Pour les bénéficiaires, les BSPCE ne sont évidemment attrayants qu'à la condition de réaliser une plus-value à la revente des actions. D'autant plus qu'une fois les bons attribués, il leur faut disposer de suffisamment de liquidités pour acquérir les actions, et trouver un acquéreur à qui les revendre. Cette vente ne pouvant effectivement se faire qu'à certaines occasions déterminées (rachat, levée de fonds ou encore introduction de l'entreprise en Bourse).
Par ailleurs, la liberté des bénéficiaires de céder leurs actions souscrites au titre de l'exercice de leur BSPCE peut être doublement restreinte. D'une part le bénéficiaire qui quitterait son entreprise avant l'expiration d'un certain délai (ou pour certains motifs) pourrait être tenu de céder les actions souscrites à un prix inférieur à leur valeur réelle ou égale à leur valeur nominale.

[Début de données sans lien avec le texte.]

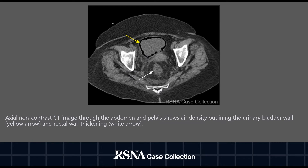This is an axial non-contrast CT image through the abdomen and pelvis showing air density outlining the urinary bladder wall (yellow arrow) and rectal wall thickening (white arrow).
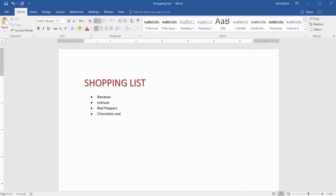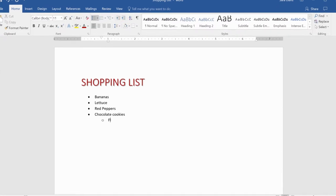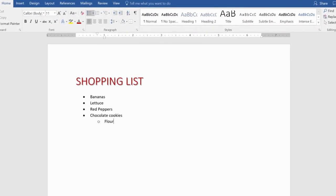To create an outline or multi-level list, press Tab or use the Increase Indent button. Depending on the app you use, the style of bullet might change or your number might become a letter.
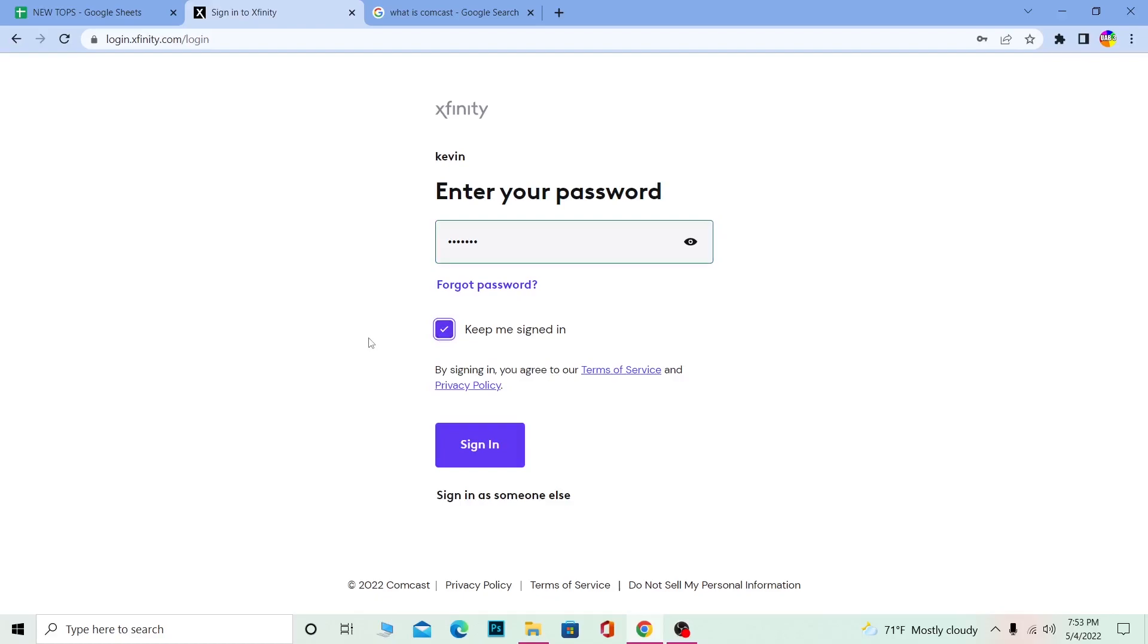The website will remember you, and you don't have to enter your login details every time you visit Xfinity.com. It will take you straight to your account. So click on Sign In.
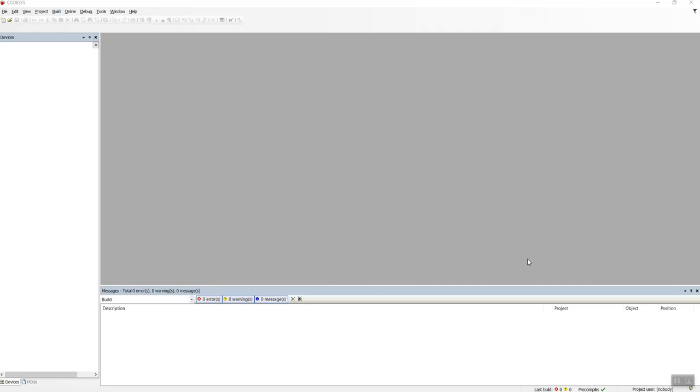Hello. In this video we're going to see how to use CODESYS's motion control library, and this motion control library is called SM3Basic.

D'autre part, celui-ci pourrait avoir souscrit un engagement de conservation de ses actions faisant obstacle à leurs cessions avant l'expiration d'une certaine durée.
Si la mécanique des BSPCE peut se révéler particulièrement attrayante, leur mise en place nécessite incontestablement un accompagnement juridique.
1. aux dispositions de l'article 103 de la loi n° 2019-486 du 22 mai 2019 relative à la croissance et la transformation des entreprises (PACTE).
2. selon l'article 163 bis G, III du Code général des impôts.